=== PROVIDED DATA ===

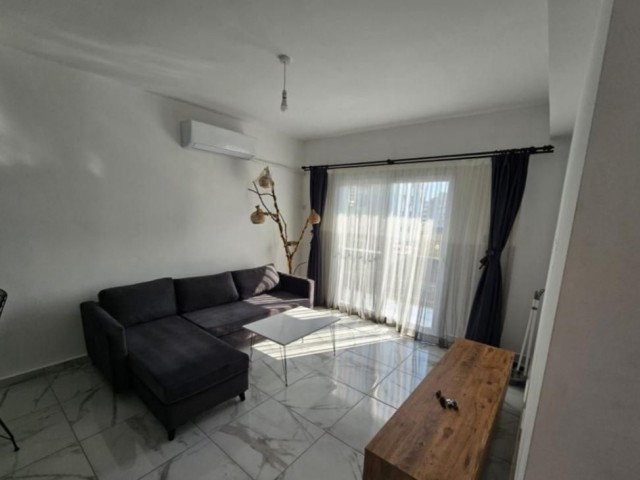 KUZEY KIBRIS  MAGUSA ÇANAKKALE BÖLGESİ SATILIK 2+1 EŞYALI DAİRE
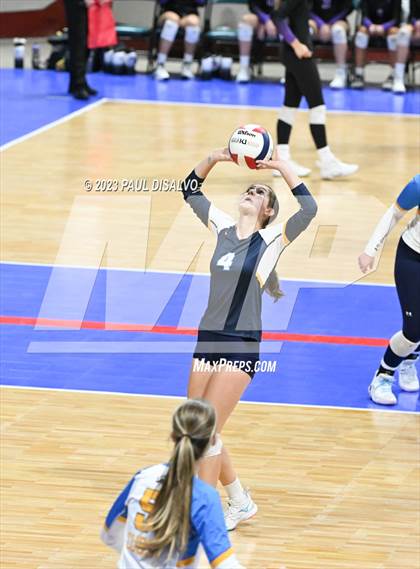 Thumbnail 2 in Timnath vs Valley (CHSAA 3A Round 1) photogallery.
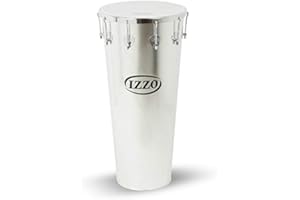 IZZO PERCUSION BRASIL TIMBA 14"x80 CM ALUM. IZZO 10 - DIV REF. IZ16008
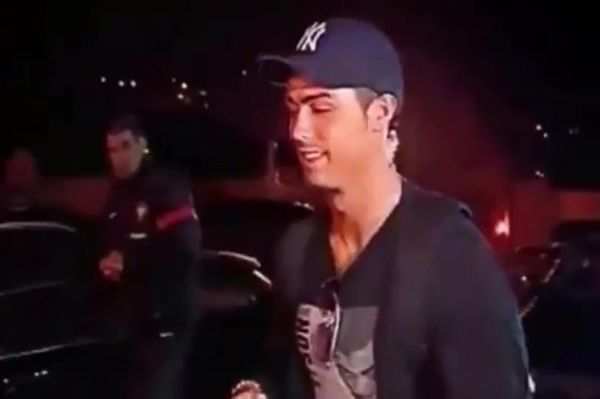 Ρεάλ Μαδρίτης: Φώναξαν «Μέσι» στον Ρονάλντο! (video)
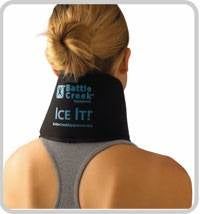 Ice It! Coldcomfort System Neck / Jaw / Sinus  4.5  X 10.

===

WORK REQUEST
Exact copy, pictures removed: set down the whole listing above.

REPLY
 KUZEY KIBRIS  MAGUSA ÇANAKKALE BÖLGESİ SATILIK 2+1 EŞYALI DAİRE
 Thumbnail 2 in Timnath vs Valley (CHSAA 3A Round 1) photogallery.
 IZZO PERCUSION BRASIL TIMBA 14"x80 CM ALUM. IZZO 10 - DIV REF. IZ16008
 Ρεάλ Μαδρίτης: Φώναξαν «Μέσι» στον Ρονάλντο! (video)
 Ice It! Coldcomfort System Neck / Jaw / Sinus  4.5  X 10.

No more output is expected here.